• **What this task involves**
Lines before the one containing "Flag: Honduras" are not wanted; restate the rest below word for word, through the last line, but drop any pictures.

Top of Dataset records

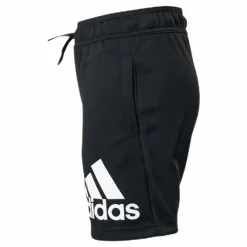 Adidas Boys D2M Big Logo Short Black / White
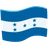 Flag: Honduras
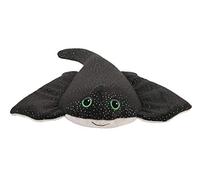 Warmies® Coussin chauffant en forme de cerise manta - Garnissage lavande - 35 cm - 650 g - 1 pièce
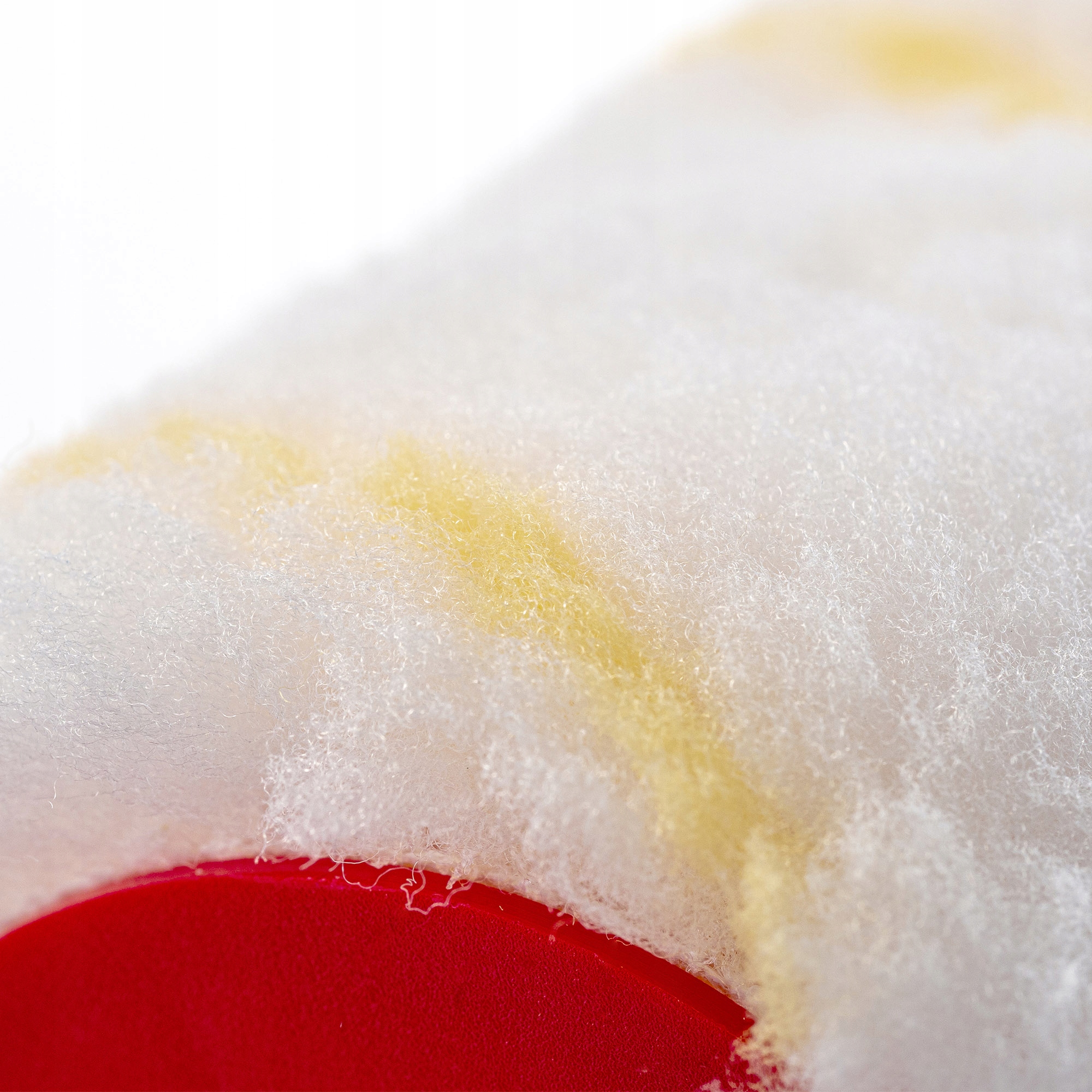 Wałek malarski 20x9 cm biały 1 szt.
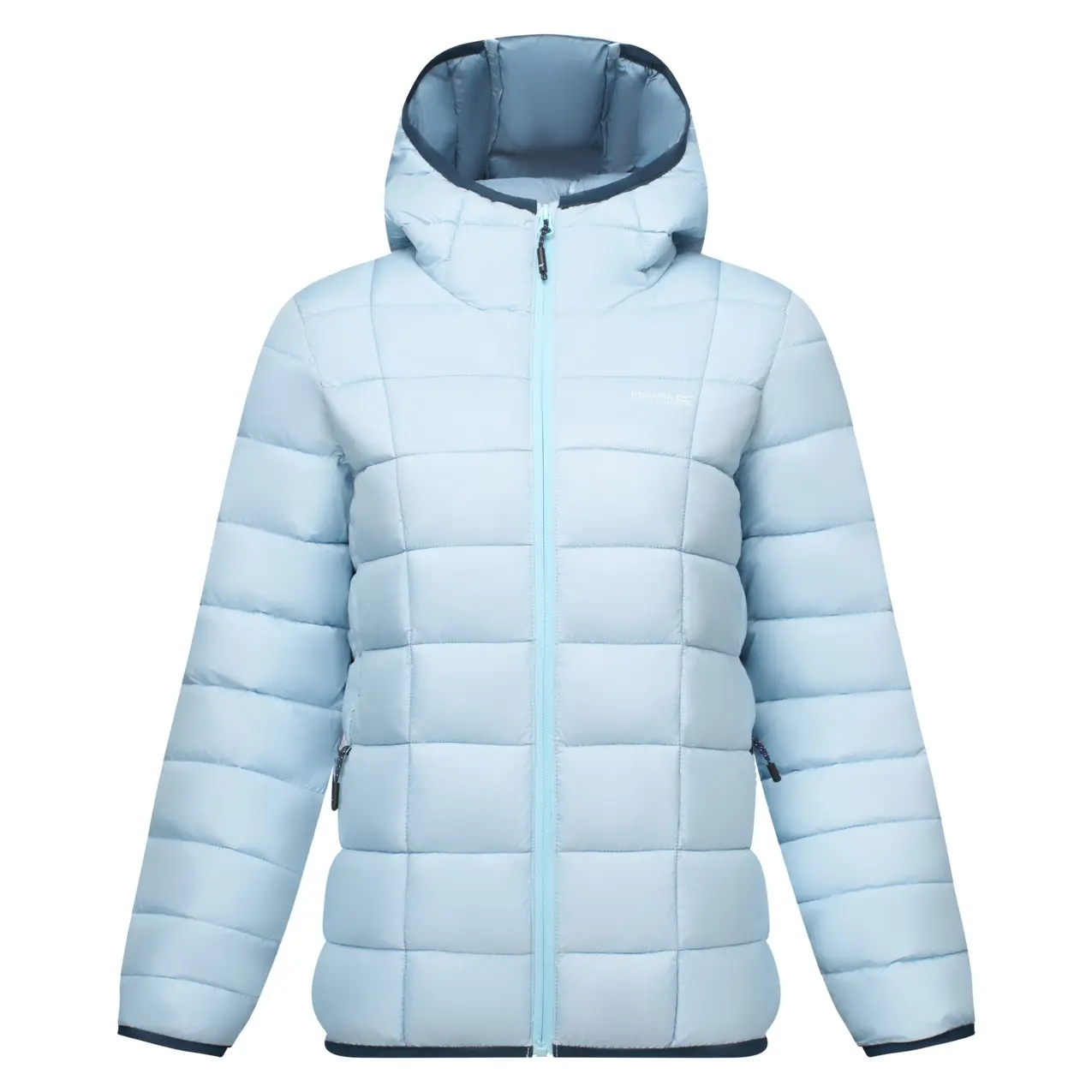 Regatta Women's Bleu Down Jacket Asper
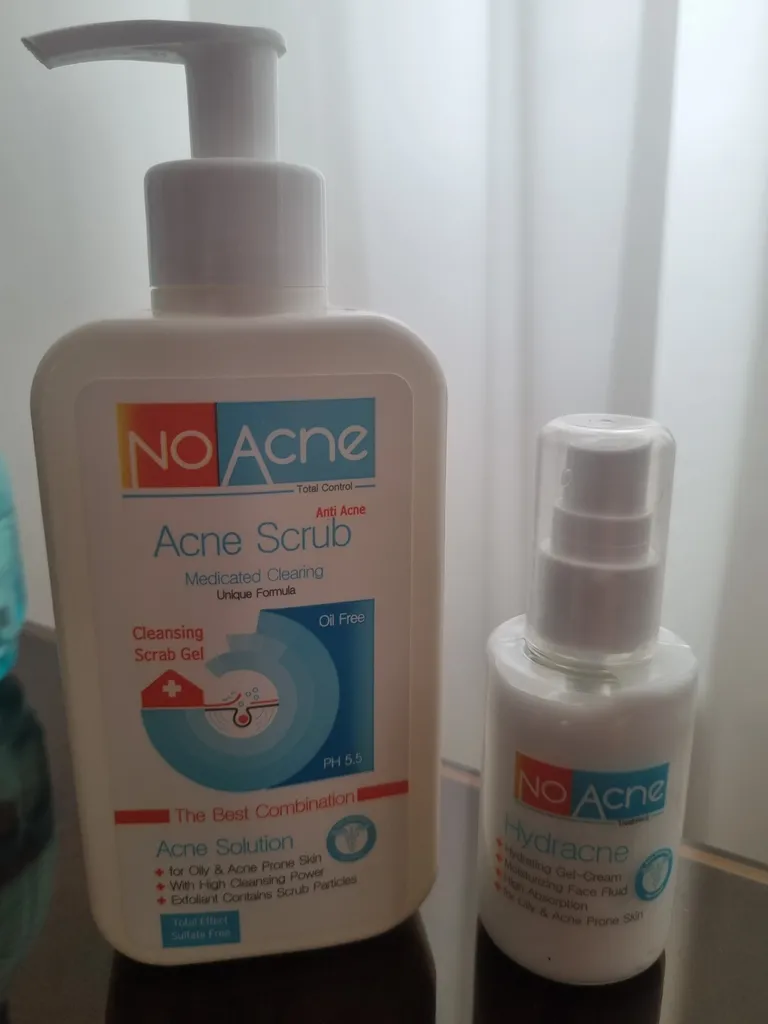 ژل لایه بردار پوست نو آکنه مدل 01 حجم 235 میلی لیتر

Bottom of Dataset records

• **Written reply**
 Flag: Honduras
 Warmies® Coussin chauffant en forme de cerise manta - Garnissage lavande - 35 cm - 650 g - 1 pièce
 Wałek malarski 20x9 cm biały 1 szt.
 Regatta Women's Bleu Down Jacket Asper
 ژل لایه بردار پوست نو آکنه مدل 01 حجم 235 میلی لیتر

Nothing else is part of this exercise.